« L'industrie du cannabis a passé des années à rechercher la légitimité fédérale. Ce que les opérateurs découvrent maintenant, c'est que la légitimité s'accompagne souvent d'une réglementation. »
Par Joshua S. Bauchner et Marky Suazo, Mandelbaum Barrett PC
Pendant de nombreuses années, les entreprises de marijuana répondaient principalement aux régulateurs des États. Désormais, dans le cadre des changements apportés à la politique fédérale par l’administration Trump, ils répondront à la Drug Enforcement Administration (DEA).

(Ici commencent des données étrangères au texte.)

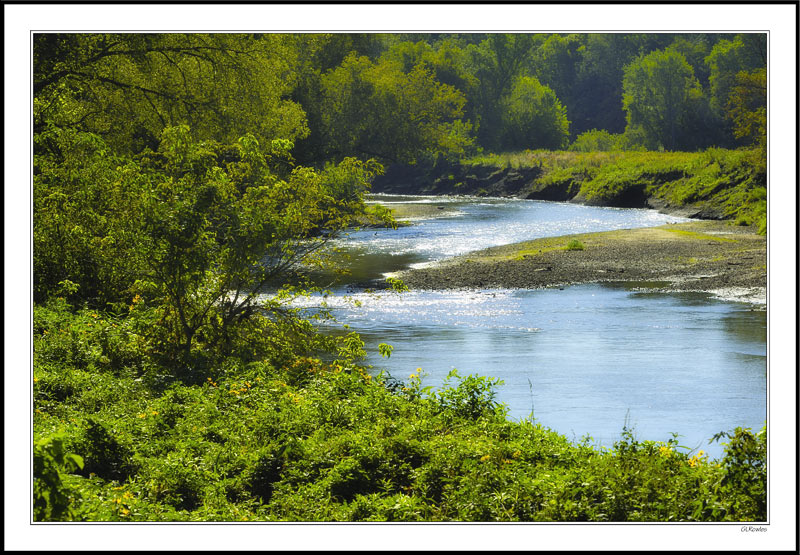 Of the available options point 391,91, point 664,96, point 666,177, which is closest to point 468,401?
point 391,91

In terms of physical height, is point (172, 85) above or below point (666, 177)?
below

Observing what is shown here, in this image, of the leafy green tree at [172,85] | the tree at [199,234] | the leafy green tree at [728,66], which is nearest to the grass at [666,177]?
the leafy green tree at [728,66]

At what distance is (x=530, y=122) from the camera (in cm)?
9025

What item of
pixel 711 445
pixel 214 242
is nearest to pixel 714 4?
pixel 711 445

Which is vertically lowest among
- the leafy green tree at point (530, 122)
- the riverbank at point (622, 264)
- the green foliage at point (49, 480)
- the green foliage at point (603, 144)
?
the green foliage at point (49, 480)

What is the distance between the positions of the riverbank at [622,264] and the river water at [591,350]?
44.1 inches

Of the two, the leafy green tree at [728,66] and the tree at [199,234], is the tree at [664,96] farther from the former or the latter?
the tree at [199,234]

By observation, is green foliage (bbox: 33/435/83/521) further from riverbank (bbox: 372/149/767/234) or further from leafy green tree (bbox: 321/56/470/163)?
leafy green tree (bbox: 321/56/470/163)

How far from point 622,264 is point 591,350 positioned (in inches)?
510

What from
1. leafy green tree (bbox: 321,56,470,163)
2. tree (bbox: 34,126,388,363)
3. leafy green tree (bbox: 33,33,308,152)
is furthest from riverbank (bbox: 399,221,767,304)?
leafy green tree (bbox: 321,56,470,163)

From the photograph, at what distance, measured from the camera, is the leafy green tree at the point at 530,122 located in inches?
3541

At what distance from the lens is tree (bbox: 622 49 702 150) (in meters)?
80.4

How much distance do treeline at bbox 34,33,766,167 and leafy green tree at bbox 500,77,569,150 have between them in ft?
0.42

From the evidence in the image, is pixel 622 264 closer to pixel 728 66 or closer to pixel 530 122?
pixel 728 66
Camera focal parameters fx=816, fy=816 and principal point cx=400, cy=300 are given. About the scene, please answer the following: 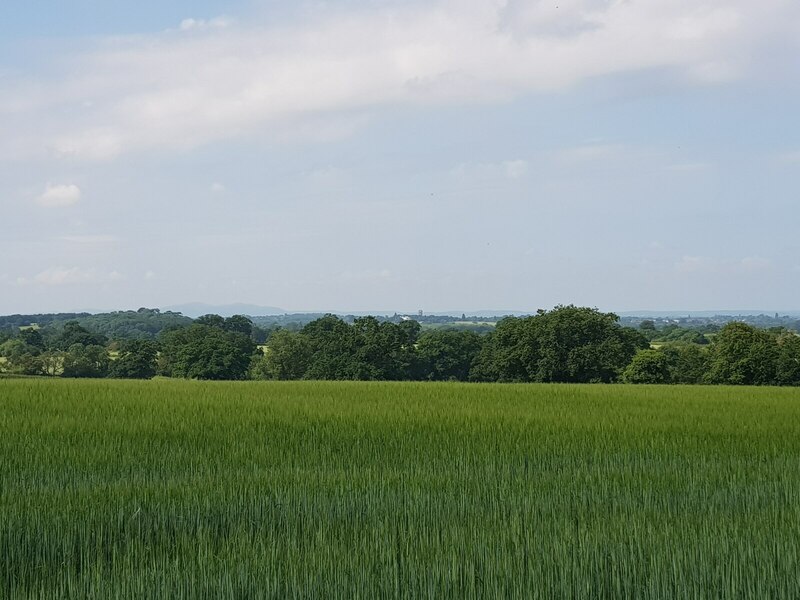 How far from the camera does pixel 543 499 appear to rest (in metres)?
7.78

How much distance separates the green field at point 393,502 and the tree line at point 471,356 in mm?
36517

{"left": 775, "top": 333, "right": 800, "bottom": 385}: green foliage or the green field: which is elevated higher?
the green field

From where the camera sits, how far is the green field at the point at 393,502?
4.82 m

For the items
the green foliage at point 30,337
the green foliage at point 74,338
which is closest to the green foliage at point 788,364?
the green foliage at point 74,338

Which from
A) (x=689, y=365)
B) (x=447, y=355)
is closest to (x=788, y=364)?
(x=689, y=365)

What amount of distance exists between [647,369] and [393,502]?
45.4 m

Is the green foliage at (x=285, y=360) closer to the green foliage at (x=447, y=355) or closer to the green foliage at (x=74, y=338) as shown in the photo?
the green foliage at (x=447, y=355)

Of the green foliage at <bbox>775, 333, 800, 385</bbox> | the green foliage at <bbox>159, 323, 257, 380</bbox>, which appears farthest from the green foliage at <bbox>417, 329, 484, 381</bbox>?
the green foliage at <bbox>775, 333, 800, 385</bbox>

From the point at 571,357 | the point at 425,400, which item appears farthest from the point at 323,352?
the point at 425,400

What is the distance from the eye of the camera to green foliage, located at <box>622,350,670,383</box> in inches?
1970

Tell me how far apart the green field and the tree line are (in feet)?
120

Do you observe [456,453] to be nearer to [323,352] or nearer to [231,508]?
[231,508]

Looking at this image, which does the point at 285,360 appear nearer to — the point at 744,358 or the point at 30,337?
the point at 744,358

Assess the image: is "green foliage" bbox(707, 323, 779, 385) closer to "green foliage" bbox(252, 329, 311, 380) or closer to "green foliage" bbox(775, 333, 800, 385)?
"green foliage" bbox(775, 333, 800, 385) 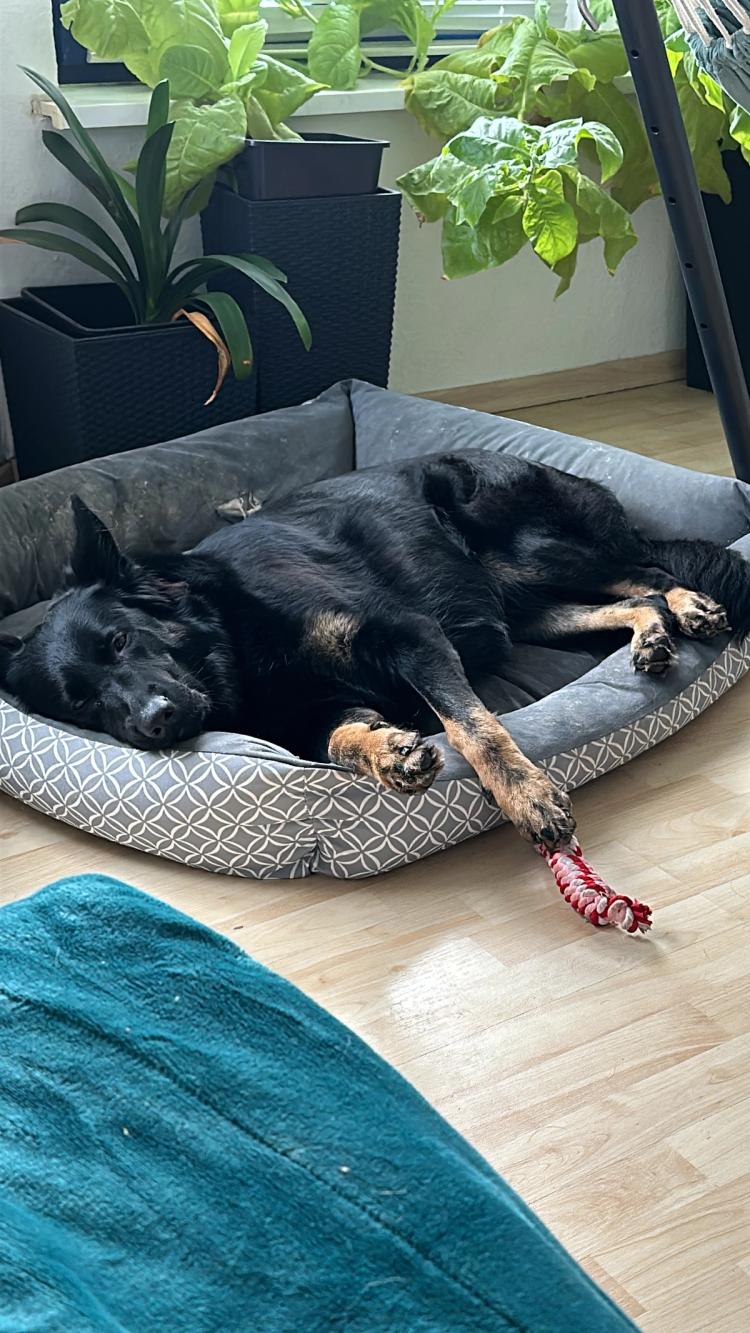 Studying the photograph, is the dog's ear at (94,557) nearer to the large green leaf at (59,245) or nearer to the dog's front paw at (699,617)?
the dog's front paw at (699,617)

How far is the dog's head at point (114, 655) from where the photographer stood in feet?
6.95

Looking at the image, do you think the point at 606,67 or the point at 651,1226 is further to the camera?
the point at 606,67

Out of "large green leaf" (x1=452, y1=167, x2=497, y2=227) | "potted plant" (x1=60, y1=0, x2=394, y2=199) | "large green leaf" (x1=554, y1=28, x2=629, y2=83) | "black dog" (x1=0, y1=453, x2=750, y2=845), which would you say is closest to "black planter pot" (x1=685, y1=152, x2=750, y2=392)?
"large green leaf" (x1=554, y1=28, x2=629, y2=83)

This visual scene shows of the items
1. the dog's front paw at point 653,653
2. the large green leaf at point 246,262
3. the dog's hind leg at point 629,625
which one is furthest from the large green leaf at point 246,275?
the dog's front paw at point 653,653

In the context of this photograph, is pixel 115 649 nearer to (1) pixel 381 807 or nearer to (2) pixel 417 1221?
(1) pixel 381 807

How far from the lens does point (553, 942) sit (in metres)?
A: 1.88

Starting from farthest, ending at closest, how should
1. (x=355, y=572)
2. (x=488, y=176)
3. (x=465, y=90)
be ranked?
(x=465, y=90)
(x=488, y=176)
(x=355, y=572)

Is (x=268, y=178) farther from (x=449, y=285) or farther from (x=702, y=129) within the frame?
(x=702, y=129)

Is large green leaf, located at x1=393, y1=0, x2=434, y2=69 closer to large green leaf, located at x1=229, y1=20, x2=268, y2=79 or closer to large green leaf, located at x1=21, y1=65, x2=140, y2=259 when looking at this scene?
large green leaf, located at x1=229, y1=20, x2=268, y2=79

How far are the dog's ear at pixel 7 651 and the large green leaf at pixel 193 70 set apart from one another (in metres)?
1.61

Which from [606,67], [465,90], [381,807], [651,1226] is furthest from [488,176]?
[651,1226]

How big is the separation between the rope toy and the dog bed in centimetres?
18

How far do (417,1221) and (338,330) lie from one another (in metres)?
2.99

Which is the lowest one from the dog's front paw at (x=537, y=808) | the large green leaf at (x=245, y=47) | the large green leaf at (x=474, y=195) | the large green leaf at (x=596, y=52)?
the dog's front paw at (x=537, y=808) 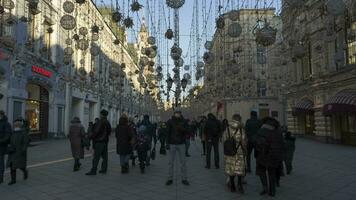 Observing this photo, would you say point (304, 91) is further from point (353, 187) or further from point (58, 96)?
point (353, 187)

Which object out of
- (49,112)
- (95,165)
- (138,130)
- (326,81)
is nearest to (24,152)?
(95,165)

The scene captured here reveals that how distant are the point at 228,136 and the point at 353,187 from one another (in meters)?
3.40

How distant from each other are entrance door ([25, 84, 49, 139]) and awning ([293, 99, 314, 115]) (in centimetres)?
1899

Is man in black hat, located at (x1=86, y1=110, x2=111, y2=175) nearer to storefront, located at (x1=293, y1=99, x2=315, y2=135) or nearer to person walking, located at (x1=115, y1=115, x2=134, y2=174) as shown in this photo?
person walking, located at (x1=115, y1=115, x2=134, y2=174)

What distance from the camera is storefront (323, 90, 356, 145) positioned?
21.0 meters

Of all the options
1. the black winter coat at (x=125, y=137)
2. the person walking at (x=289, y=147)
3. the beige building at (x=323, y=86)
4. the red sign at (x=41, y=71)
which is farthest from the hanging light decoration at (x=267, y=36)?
the red sign at (x=41, y=71)

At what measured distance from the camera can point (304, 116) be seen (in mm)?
30922

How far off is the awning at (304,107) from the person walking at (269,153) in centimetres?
2142

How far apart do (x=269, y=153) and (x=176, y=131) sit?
2341 millimetres

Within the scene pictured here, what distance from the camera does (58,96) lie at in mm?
27750

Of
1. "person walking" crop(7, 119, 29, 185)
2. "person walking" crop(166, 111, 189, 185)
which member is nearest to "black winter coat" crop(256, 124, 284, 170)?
"person walking" crop(166, 111, 189, 185)

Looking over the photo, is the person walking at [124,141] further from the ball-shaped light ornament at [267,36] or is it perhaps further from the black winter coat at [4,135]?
the ball-shaped light ornament at [267,36]

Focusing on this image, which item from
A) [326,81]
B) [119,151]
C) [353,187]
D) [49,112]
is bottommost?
[353,187]

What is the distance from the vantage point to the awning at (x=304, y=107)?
28.2 m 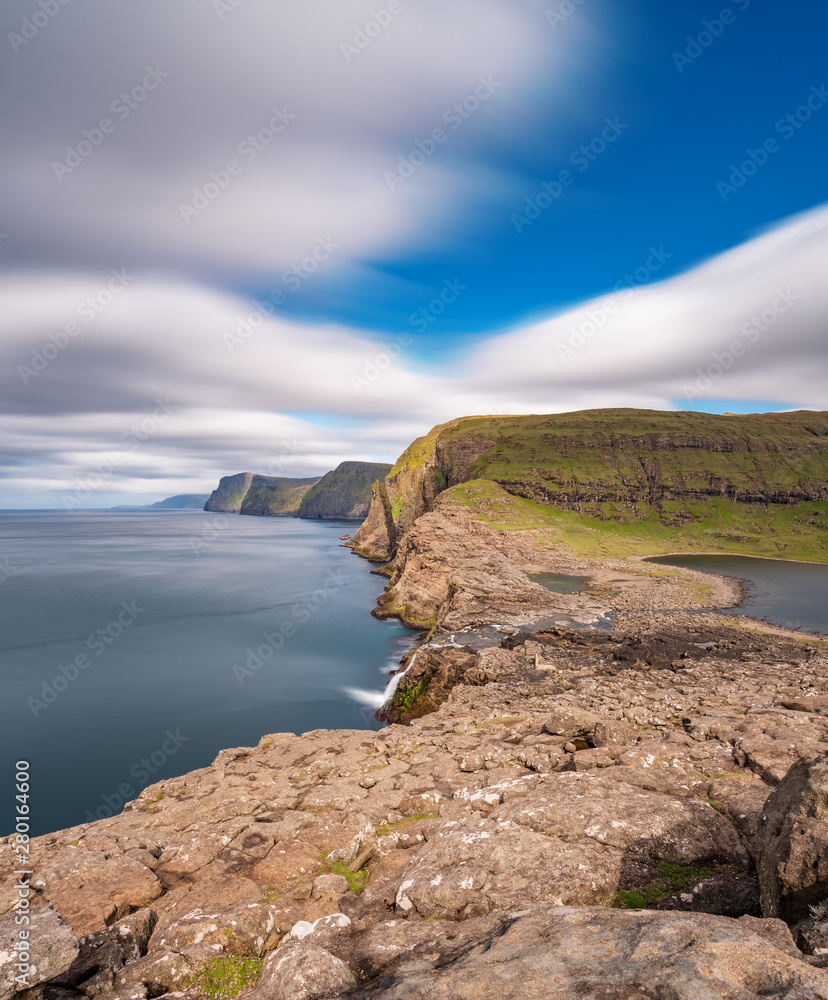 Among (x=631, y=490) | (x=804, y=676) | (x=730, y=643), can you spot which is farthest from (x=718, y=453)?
(x=804, y=676)

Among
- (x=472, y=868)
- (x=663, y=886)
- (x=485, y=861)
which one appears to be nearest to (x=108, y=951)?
(x=472, y=868)

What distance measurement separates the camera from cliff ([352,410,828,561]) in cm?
14450

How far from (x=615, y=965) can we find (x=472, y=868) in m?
4.76

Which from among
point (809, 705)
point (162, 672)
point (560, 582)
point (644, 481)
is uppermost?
point (644, 481)

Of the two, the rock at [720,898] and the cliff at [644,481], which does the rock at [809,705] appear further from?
the cliff at [644,481]

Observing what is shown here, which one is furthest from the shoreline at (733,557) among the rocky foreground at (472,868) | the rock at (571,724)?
the rocky foreground at (472,868)

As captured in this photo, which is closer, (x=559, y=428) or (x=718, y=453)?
(x=718, y=453)

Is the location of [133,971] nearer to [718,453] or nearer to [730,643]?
[730,643]

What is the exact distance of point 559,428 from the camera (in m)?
192

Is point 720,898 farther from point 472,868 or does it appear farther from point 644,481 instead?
point 644,481

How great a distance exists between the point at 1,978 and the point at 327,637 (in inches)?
2375

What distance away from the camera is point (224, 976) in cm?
766

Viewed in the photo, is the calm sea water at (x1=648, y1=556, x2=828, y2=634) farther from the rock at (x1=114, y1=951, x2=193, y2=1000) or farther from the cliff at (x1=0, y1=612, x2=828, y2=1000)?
the rock at (x1=114, y1=951, x2=193, y2=1000)

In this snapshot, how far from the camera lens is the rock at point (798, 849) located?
628 cm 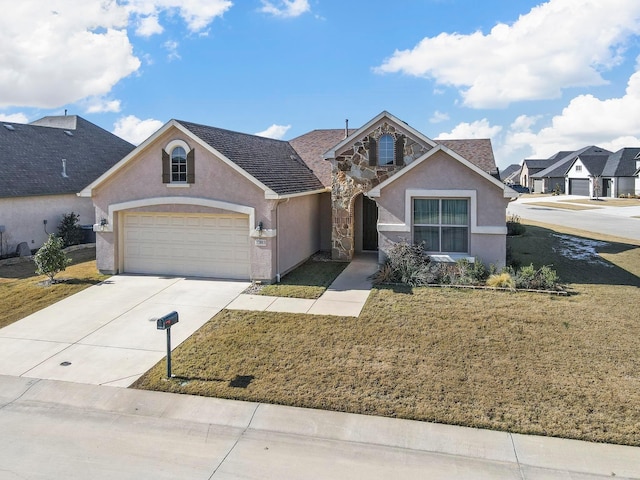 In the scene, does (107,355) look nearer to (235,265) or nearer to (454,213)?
(235,265)

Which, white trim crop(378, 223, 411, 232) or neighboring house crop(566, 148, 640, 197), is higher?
neighboring house crop(566, 148, 640, 197)

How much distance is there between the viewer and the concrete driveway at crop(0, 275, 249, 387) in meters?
9.52

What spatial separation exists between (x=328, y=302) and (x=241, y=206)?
166 inches

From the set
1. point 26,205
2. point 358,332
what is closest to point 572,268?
point 358,332

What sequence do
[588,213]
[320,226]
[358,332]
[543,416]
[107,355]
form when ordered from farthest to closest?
[588,213]
[320,226]
[358,332]
[107,355]
[543,416]

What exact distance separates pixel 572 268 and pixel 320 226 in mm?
9364

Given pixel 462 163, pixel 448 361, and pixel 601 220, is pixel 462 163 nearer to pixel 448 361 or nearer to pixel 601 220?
pixel 448 361

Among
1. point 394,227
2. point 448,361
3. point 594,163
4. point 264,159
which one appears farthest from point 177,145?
point 594,163

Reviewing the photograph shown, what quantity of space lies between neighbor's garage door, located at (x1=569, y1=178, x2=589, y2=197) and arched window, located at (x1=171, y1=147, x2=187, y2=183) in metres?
58.9

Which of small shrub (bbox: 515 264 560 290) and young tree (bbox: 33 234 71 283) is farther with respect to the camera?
young tree (bbox: 33 234 71 283)

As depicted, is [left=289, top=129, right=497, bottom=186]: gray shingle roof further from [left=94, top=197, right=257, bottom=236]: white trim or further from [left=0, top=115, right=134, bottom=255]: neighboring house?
[left=0, top=115, right=134, bottom=255]: neighboring house

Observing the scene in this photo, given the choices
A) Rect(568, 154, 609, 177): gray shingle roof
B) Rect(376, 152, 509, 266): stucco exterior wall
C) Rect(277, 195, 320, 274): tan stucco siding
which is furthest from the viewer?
Rect(568, 154, 609, 177): gray shingle roof

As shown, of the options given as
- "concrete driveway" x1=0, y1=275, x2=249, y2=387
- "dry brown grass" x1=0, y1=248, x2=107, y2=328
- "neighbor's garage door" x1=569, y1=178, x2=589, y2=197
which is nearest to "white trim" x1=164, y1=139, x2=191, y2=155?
"concrete driveway" x1=0, y1=275, x2=249, y2=387

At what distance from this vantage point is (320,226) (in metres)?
20.8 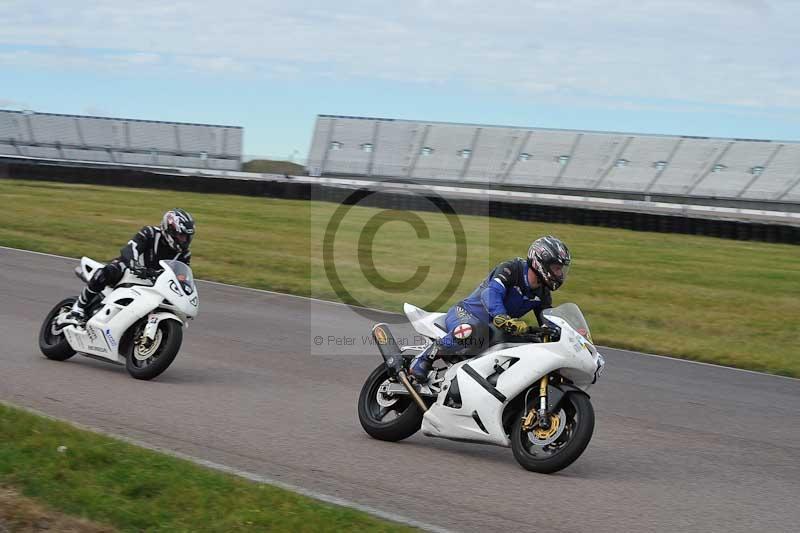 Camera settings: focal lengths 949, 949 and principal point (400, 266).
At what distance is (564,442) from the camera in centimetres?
674

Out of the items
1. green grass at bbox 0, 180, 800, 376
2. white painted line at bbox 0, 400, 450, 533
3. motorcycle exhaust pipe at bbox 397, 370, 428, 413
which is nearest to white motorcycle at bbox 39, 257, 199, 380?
white painted line at bbox 0, 400, 450, 533

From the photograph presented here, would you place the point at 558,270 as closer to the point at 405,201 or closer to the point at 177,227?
the point at 177,227

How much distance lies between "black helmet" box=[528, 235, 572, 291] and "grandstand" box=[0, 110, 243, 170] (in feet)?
134

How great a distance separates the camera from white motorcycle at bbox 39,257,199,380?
9367 mm

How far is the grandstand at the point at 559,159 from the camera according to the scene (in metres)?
44.1

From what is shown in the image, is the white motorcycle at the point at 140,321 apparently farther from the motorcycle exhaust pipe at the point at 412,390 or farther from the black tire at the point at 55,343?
the motorcycle exhaust pipe at the point at 412,390

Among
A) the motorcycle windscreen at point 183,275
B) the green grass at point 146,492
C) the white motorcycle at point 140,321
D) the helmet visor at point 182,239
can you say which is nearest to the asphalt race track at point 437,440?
the white motorcycle at point 140,321

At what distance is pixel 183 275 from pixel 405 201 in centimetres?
2059

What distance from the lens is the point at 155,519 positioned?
5.07 m

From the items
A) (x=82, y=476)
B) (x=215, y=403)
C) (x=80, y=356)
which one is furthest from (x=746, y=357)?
(x=82, y=476)

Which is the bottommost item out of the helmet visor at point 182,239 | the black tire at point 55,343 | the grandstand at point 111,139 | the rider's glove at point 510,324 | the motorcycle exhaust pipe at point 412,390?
the grandstand at point 111,139

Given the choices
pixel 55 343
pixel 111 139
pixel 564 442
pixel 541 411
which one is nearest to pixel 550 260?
pixel 541 411

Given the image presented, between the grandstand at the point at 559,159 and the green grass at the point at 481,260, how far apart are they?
13.8 metres

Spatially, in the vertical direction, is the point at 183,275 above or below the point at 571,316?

Ce changement a commencé lorsque le ministère de la Justice a reclassé la marijuana médicale autorisée par l'État de l'Annexe I, la classification fédérale réservée aux substances considérées comme n'ayant aucun usage médical accepté, à l'Annexe III de la Loi sur les substances contrôlées. L'annexe III comprend des substances reconnues comme ayant des usages médicaux acceptés et comporte généralement moins de restrictions que l'annexe I. Il existe également des procédures parallèles, mais distinctes, concernant le traitement fédéral plus large de la marijuana.
Presque toute l’attention concernant ces évolutions s’est concentrée sur les avantages potentiels du rééchelonnement, notamment un allégement fiscal et une plus grande acceptation institutionnelle. Mais une autre conséquence importante a échappé aux projecteurs : l’implication croissante du gouvernement fédéral dans la réglementation quotidienne de l’industrie du cannabis.
Le défi de l'industrie n'est pas seulement de savoir si une réforme fédérale aura lieu ; c'est déjà en cours. Le défi consiste à déterminer comment fonctionner, comment investir et comment croître alors que les règles régissant cette réforme sont encore en cours d’élaboration. En effet, nous avons récemment parlé avec un client autorisé à vendre de la marijuana qui envisage de prendre des participations face à la concurrence de l'autre côté de la rue : un magasin d'alcool vendant des boissons enivrantes à base de chanvre.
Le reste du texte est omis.